One way of exploring this question is to analyse precisely what emotions are involved in the hatred of criminals. According to Ben-Zeev (2000), the essence of hatred is a “global negative attitude towards an individual towards a person or class considered possessing fundamentally evil traits”, which clearly encompasses sentiments of the kind discussed by Stephen. However, there are clearly other emotions involved as well. One is anger, described by Oatley, Kelner and Jenkins (2006) in terms of a response to a “demeaning offence” against the subject in question. Another is fear, identified by Darwin (1872) as a response to being hunted, (hence perhaps the references in the media to offenders as “predators”). Another possible element in the mix is the emotion of resentment, identified by Stets and Turner (2005) as the emotion that arises when one person perceives that another “gains power or prestige that is not deserved or that violates the cultural rules of justice”. “We” are not allowed to get away with such conduct, so why should “they”?

The existence of these emotions cannot be denied; they can be demonstrated by media analysis, by scientific experiments such as those of Darley (2010), and not least by introspection. But how should the law respond to them? If the penal process is to have legitimacy in the eyes of the public, it must as Lacey says (1988) go some way towards satisfying the grievance desires of victims and indeed of others. On the other hand, there are clearly dangers in allowing emotions of this sort to influence the penal process; as Wallace points out (1995), this may lead to punishments that are disproportionate, unfocussed, and based on ignorance of many of the facts. Stephen may have been right in saying that the criminal law stands to the passion of revenge in much the same relation as marriage to the sexual appetite, but it cannot be right for politicians or the courts to indulge in penal promiscuity.

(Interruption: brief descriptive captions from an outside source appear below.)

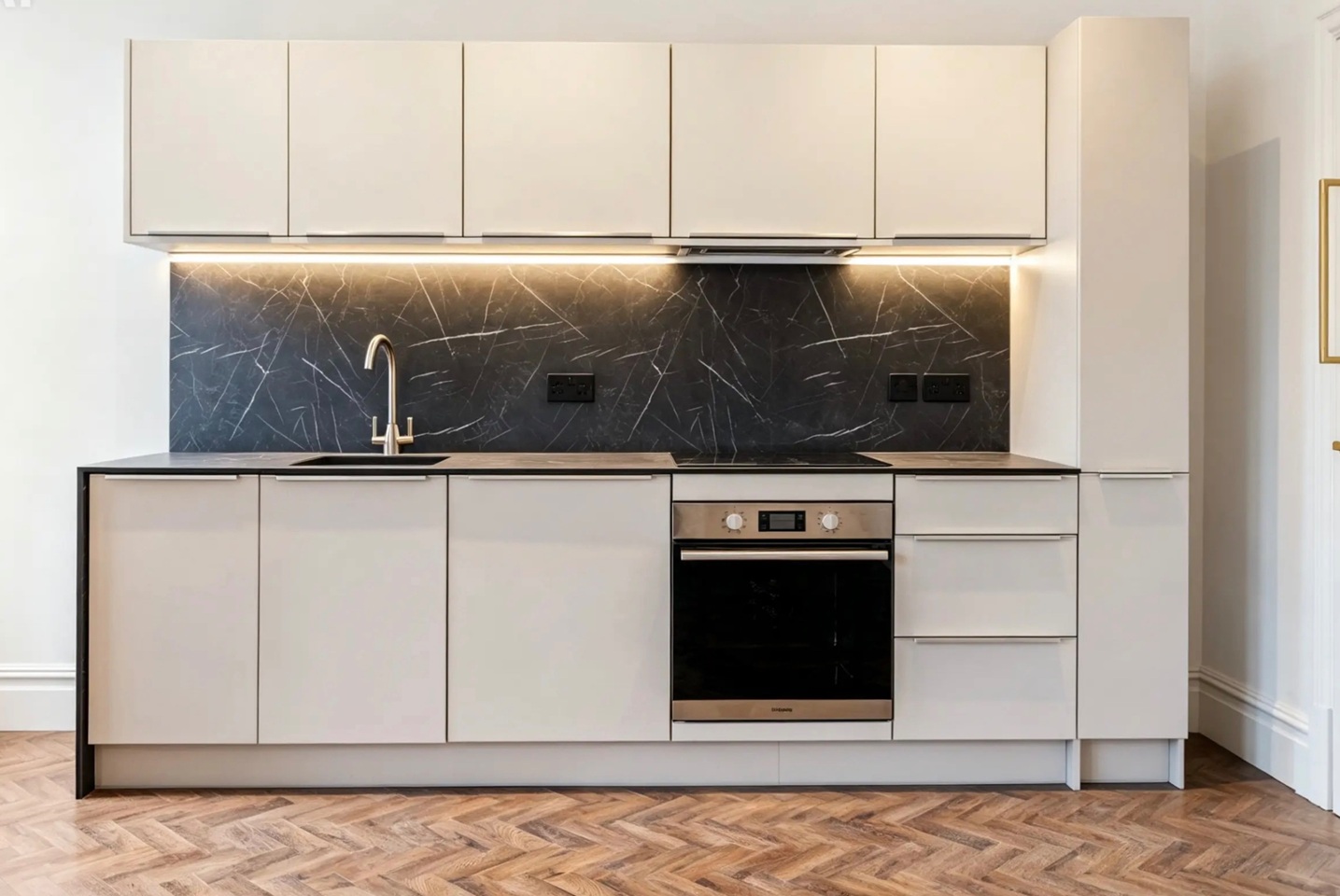 1 Bed Flat, Cathedral Road, CF11 photo 5
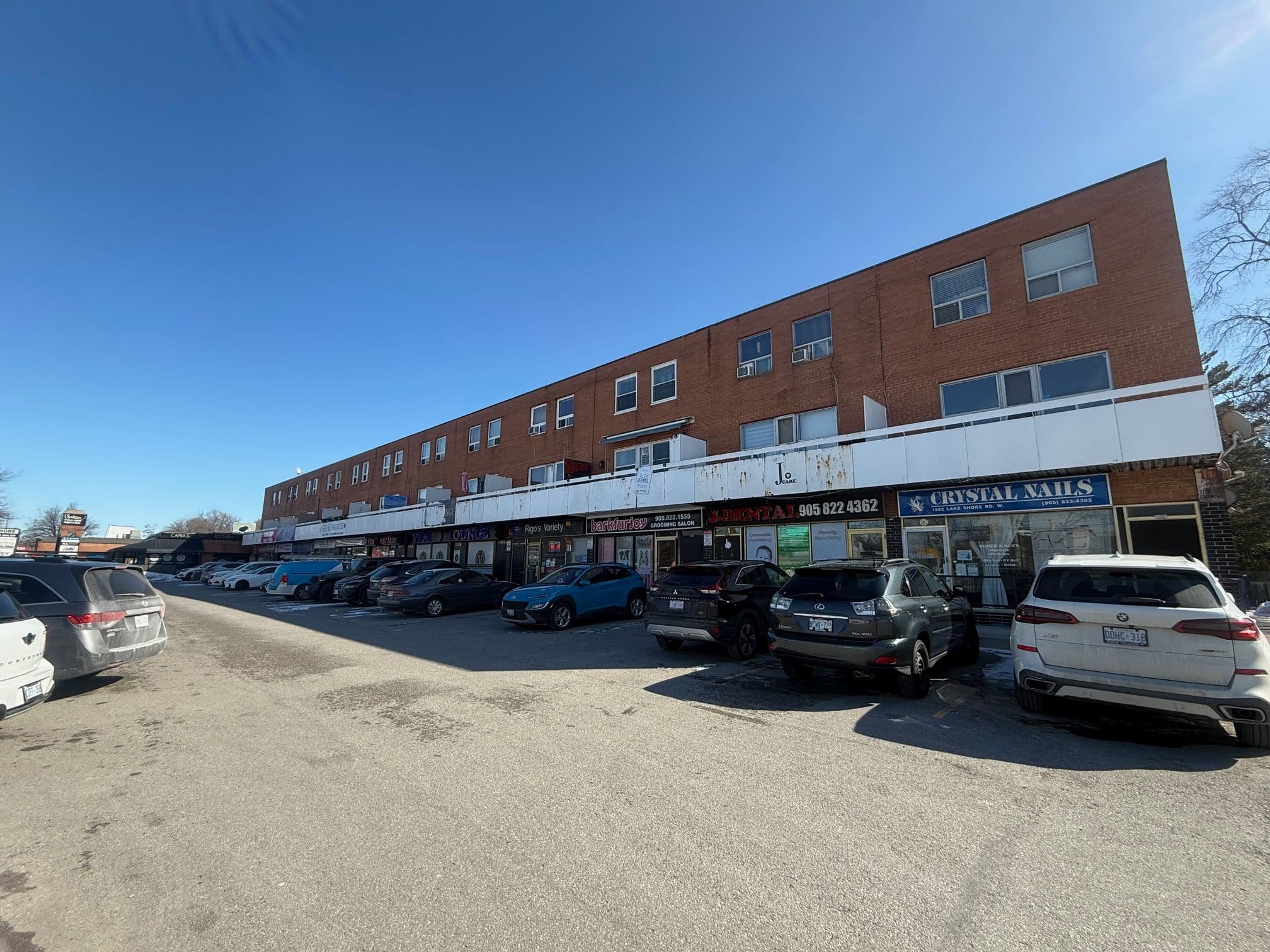 1852 Lakeshore Road W 2, Mississauga, ON L5J 1J7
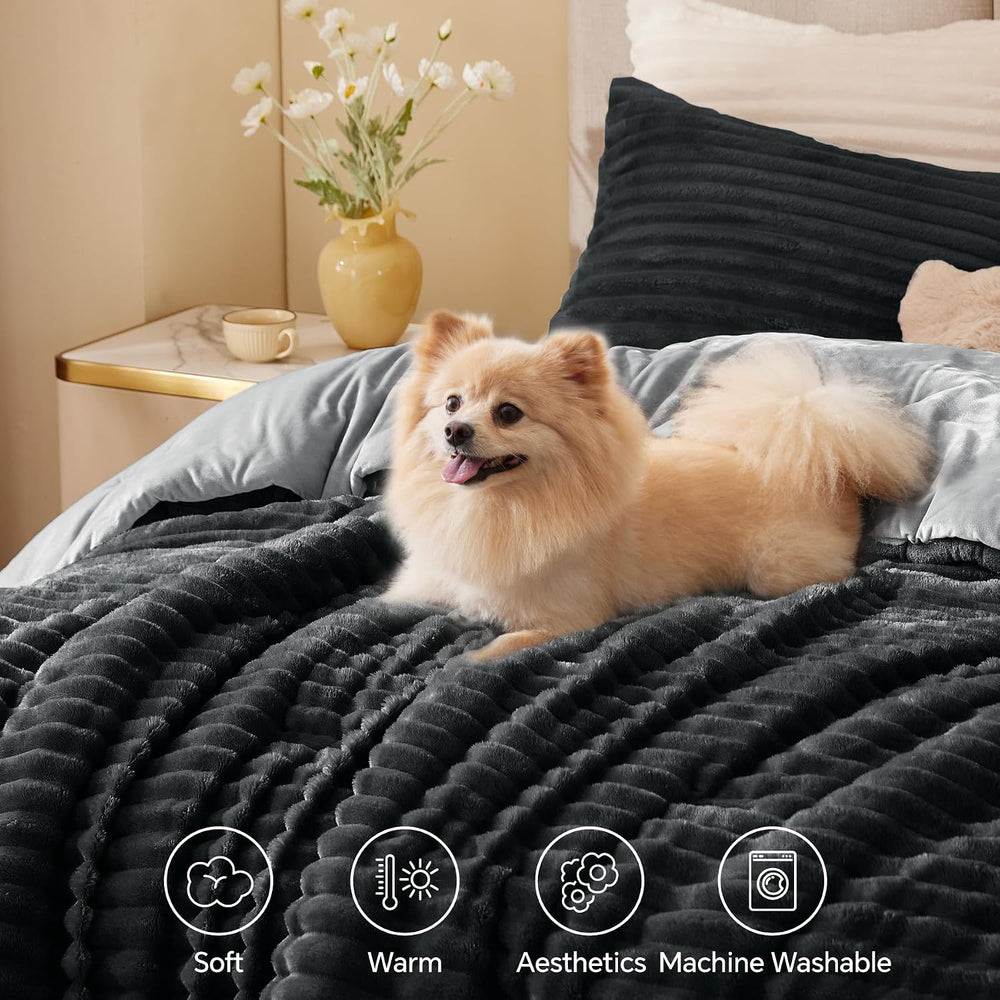 BEDELITE Fleece Full Comforter Set, Fluffy Bed Set, Black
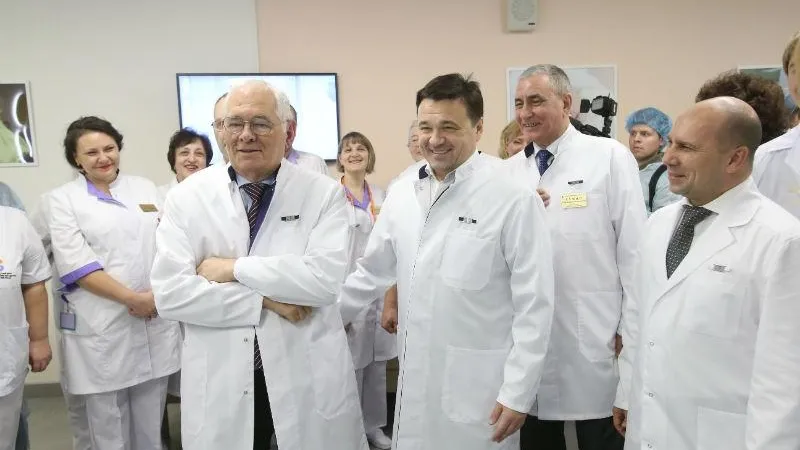 Воробьев и Рошаль осмотрели Центр охраны материнства и детства в Сергиевом Посаде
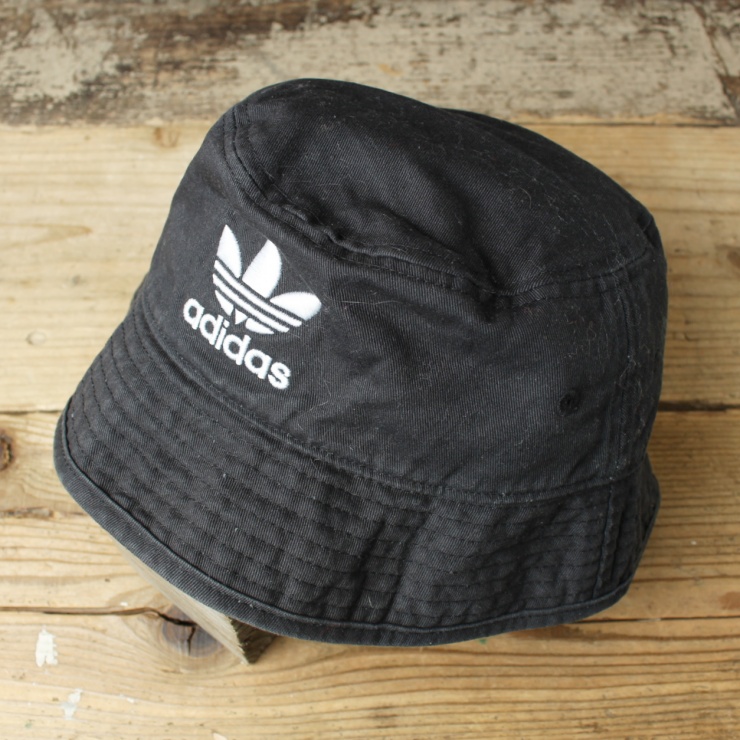 adidas アディダス コットン バケットハット 帽子 ブラック トレフォイルロゴ 刺繍 古着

One possible way out of this dilemma is follow Duff (2005) in his analysis of punishment in terms of “censure” and “penance”. For punishment to be effective in these terms, the offender must be made to face up to the reality of what he or she has done, which inevitably involves a strong element of denunciation. Here the sentiments identified by Stephen clearly have an important part to play. This need not necessarily lead to a punishment that is severe in itself; what is necessary is that it communicates abhorrence of the conduct in question. Here the insights of Garapon (1997), van Hoeke (2002) and others have a lot to teach us; in the words of the old song, it’s not what you do, it’s the way that you do it-that what gets results.

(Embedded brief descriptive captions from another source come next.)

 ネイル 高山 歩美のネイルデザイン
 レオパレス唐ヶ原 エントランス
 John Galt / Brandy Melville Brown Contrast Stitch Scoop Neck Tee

However, as Duff goes on to say, the process must then allow for repentance, reform and reconciliation. It is here that the sentiments identified by Stephen can be a hindrance; hating criminals implies exclusion rather than reconciliation. Rather, the offender must be seen as a moral agent, and as a member of the community who has done wrong but can be offered the chance of reintegration. Changing attitudes in this area is by no means easy, but Braithwaite (1989) and others have demonstrated the effectiveness of restorative justice in assuaging the anger of victims and in promoting the reintegration of offenders into the community. And studies by Hough (2005) and others have shown that greater information about crime and the criminal justice system can lead to a decrease in punitive sentiments even on the part of members of the wider public.

As Stephen says, the hatred of criminals is a natural sentiment, and it would be naive to suppose that it could ever be eliminated. He may also be right in saying that punishments should be contrived, at least in part, so as to give expression to that hatred, or at least to hatred of the conduct involved. But this is only half the story. Psychological studies by Kennedy-Moore and Watson (1999) have suggested that the expression of negative emotions has no therapeutic value in itself, and that it is only worthwhile if it leads to constructive action. Could the same not be said of the hatred of criminals?